陆唯一听着小可怜声音说,“乖乖的好好睡觉,等等我,好不好?”
声音柔柔的,似风过柳。许诺昏头“嗯”。
半个小时,陆唯一带着退烧药敲门,许诺跌跌撞撞的一开门看着陆唯一踩着拖鞋,挂着睡衣,一手提着药一手提着粥,风尘仆仆。

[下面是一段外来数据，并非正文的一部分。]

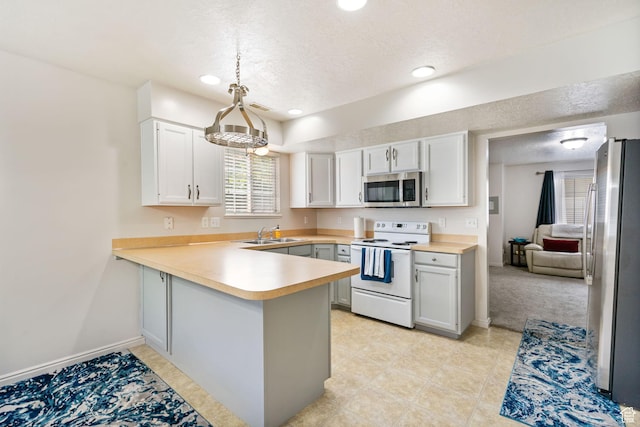 6160 S 1350 E, South Ogden, UT 84405 - kitchen with a textured ceiling, stainless steel microwave, white range with electric stovetop, freestanding refrigerator, and a peninsula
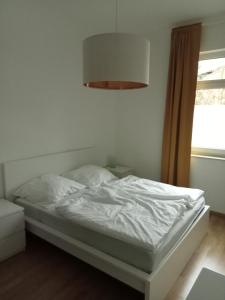 Ліжко або ліжка в номері Stadtgrün 2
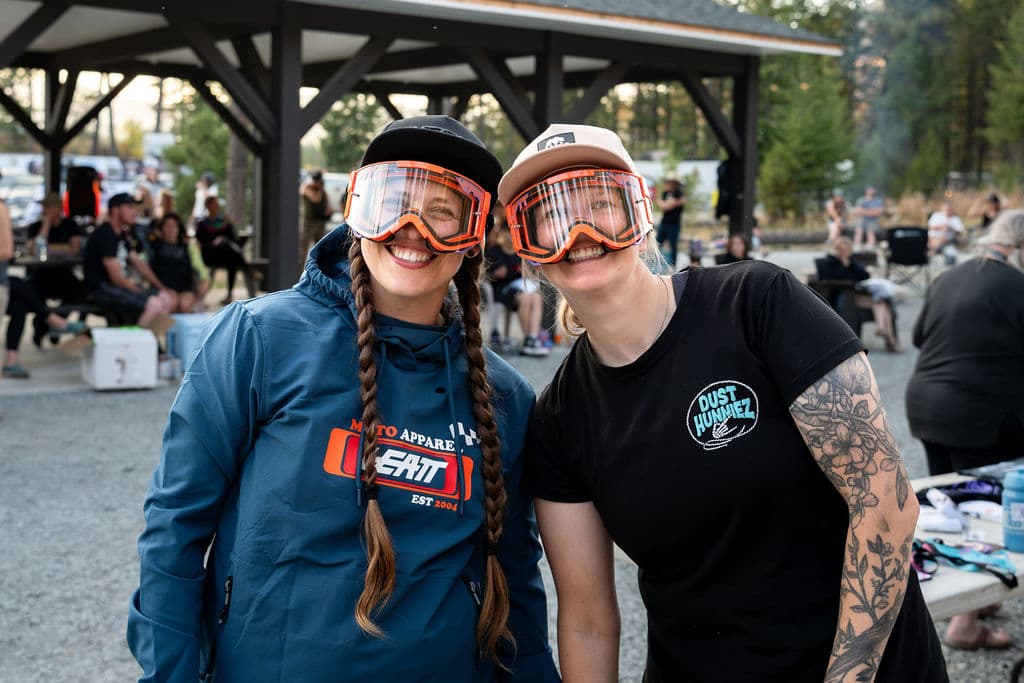 Two riders laughing together in their goggles at Fall Throttle.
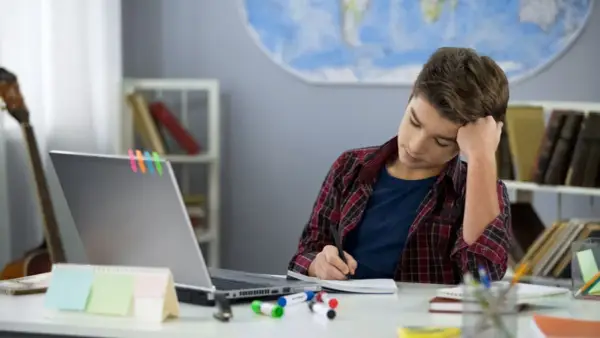 Ein Junge sitzt frustriert am Schreibtisch und macht seine hausaufgaben. Ein Laptop und bunte Stifte liegen bereit.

陆唯一把东西放下来,扶着许诺坐下“喝点粥,再吃药,然后睡觉,好不好?”
许诺头晕,只看着陆唯一嘴巴一张一合的,沉默许久“嗯”。
许诺吃了药精神回笼一些,小声说:“陆唯一,很晚了,你回去吧,我家没多余的房间。”
陆唯一没正面回答,摸摸头:“你先躺着,一会儿我再走。”
陆唯一带着许诺进卧室又给她盖好被子,关了灯,去了客厅。
许诺听着脚步渐远,药效起了作用,又沉沉睡去。
陆唯一把带来的冰袋用毛巾包好轻轻放到许诺头上,看着脸自责“是我的问题,就不应该带你喝酒。”陆唯一趴在书桌上定个闹钟,半夜陆唯一摸着许诺头发现烧退了,松了口气。出了卧室倒在沙发上沉沉睡去。